» Data provided
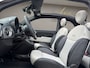Fiat 500C 1.0 Hybrid Dolcevita 2022 GRIJS | Cabriolet | Leder | Airco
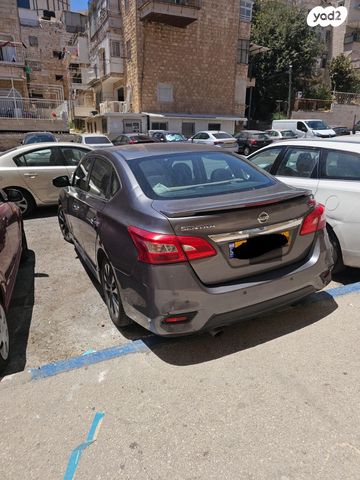 ניסאן סנטרה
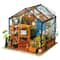 Rolife® Cathy's Flower House DIY Miniature House Kit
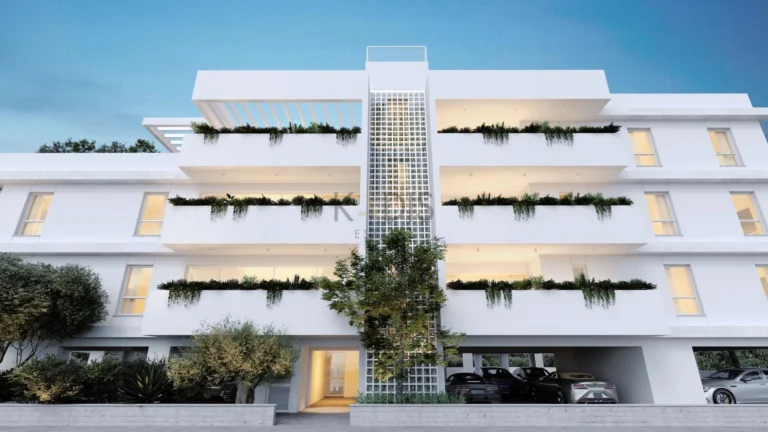 Average Price for 2 Bedroom Apartment in Nicosia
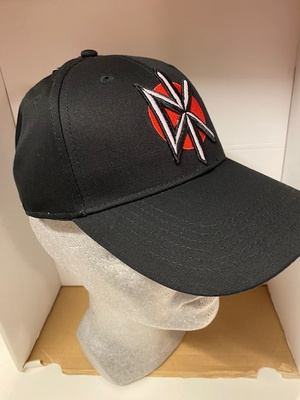 Dead Kennedys DK baseball lippis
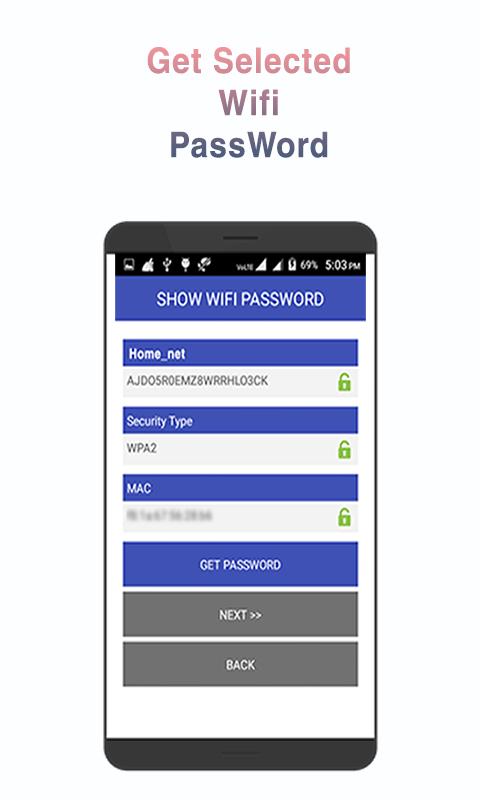 Wifi password recovery no root apk descargar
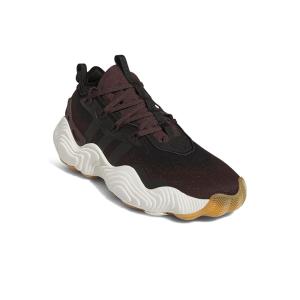 アディダス adidas  Trae Young 3 メンズ スニーカー シャドウ Brown/Bl...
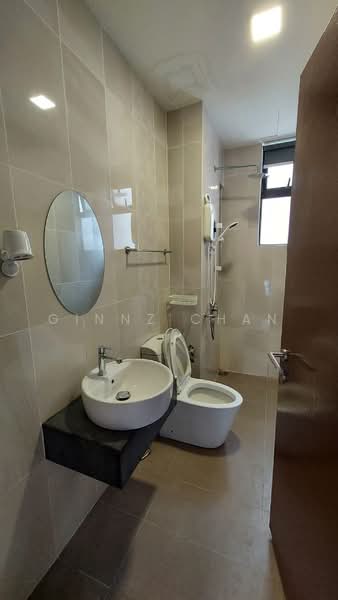 Service Residence for Rent at J.Dupion Residence - Ginnz Chan - Bathroom - PropertyGuru.com.my
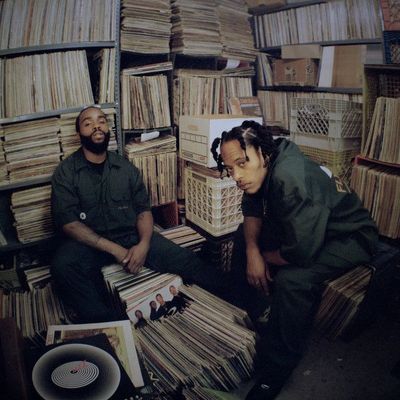 Fly, Siifu ‎– $mokebreak EP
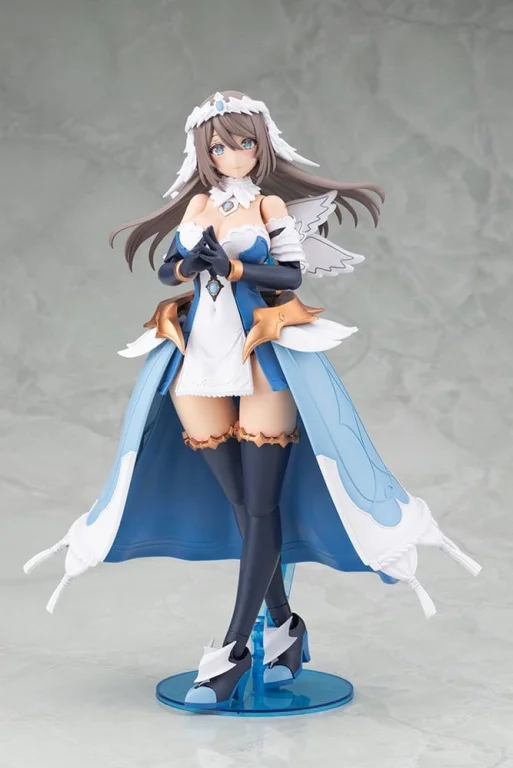 ARCANADEA - Plastic Model Kit - GRANDE SCALE - Ermeda
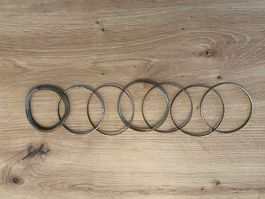 Schmuck: 7 Armreifen im trendigen Vintage-Stil, Top!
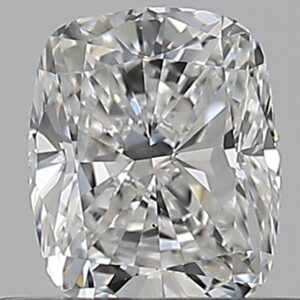 0.5 CT CUSHION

» Required work
Set down all of the material word for word, minus its pictures.

» Task solution
Fiat 500C 1.0 Hybrid Dolcevita 2022 GRIJS | Cabriolet | Leder | Airco
 ניסאן סנטרה
 Rolife® Cathy's Flower House DIY Miniature House Kit
 Average Price for 2 Bedroom Apartment in Nicosia
 Dead Kennedys DK baseball lippis
 Wifi password recovery no root apk descargar
 アディダス adidas  Trae Young 3 メンズ スニーカー シャドウ Brown/Bl...
 Service Residence for Rent at J.Dupion Residence - Ginnz Chan - Bathroom - PropertyGuru.com.my
 Fly, Siifu ‎– $mokebreak EP
 ARCANADEA - Plastic Model Kit - GRANDE SCALE - Ermeda
 Schmuck: 7 Armreifen im trendigen Vintage-Stil, Top!
 0.5 CT CUSHION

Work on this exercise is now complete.